[Bug c/85676] New: Obsolete function declarations should have warnings by default
david at westcontrol dot com
gcc-bugzilla@gcc.gnu.org
Mon May 7 11:09:00 GMT 2018
https://gcc.gnu.org/bugzilla/show_bug.cgi?id=85676
Bug ID: 85676
Summary: Obsolete function declarations should have warnings by
default
Product: gcc
Version: unknown
Status: UNCONFIRMED
Severity: normal
Priority: P3
Component: c
Assignee: unassigned at gcc dot gnu.org
Reporter: david at westcontrol dot com
Target Milestone: ---
There are a number of features of C that are still legal code even in C11, but
have been obsolete for many generations of C because they are unnecessary and
have a high risk of errors. gcc has to be able to support old code, but it is
perfectly valid to give warnings on such old code.

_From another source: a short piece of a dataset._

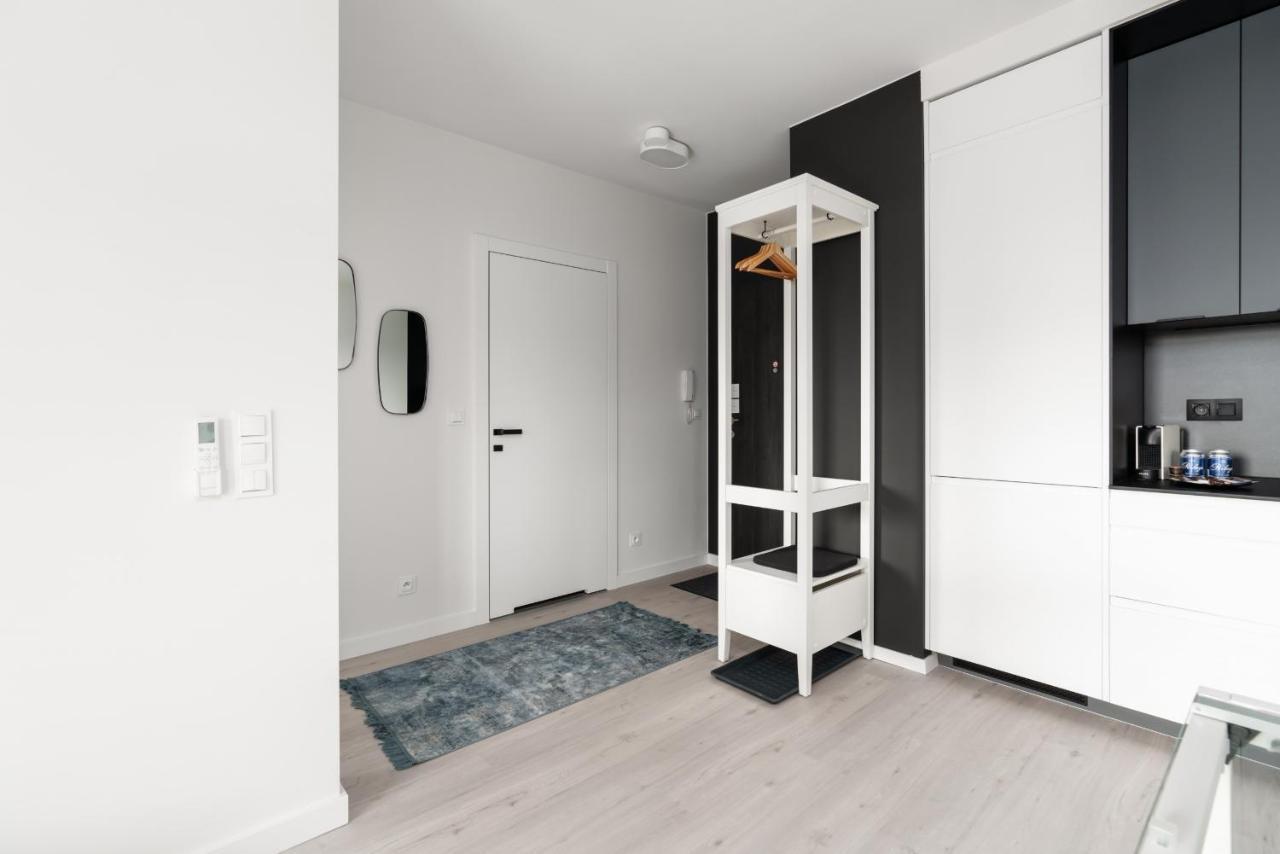 Stara Cegielnia Lake View Apartment By Renters Prestige Posen Exterior foto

A prime example is non-prototype function declarations, such as "void foo()".
This has been obsolete since C89, almost 30 years ago, yet if you have:
// a.c
void foo();
gcc -std=c11 -Wall -Wextra -pedantic -c a.c
it compiles without warning. You need "-Wstrict-prototypes" to get a warning.
Surely this warning ought to be part of -Wall, or enabled by default when a C11
or C99 standard is chosen?
The same applies to K&R style function definitions.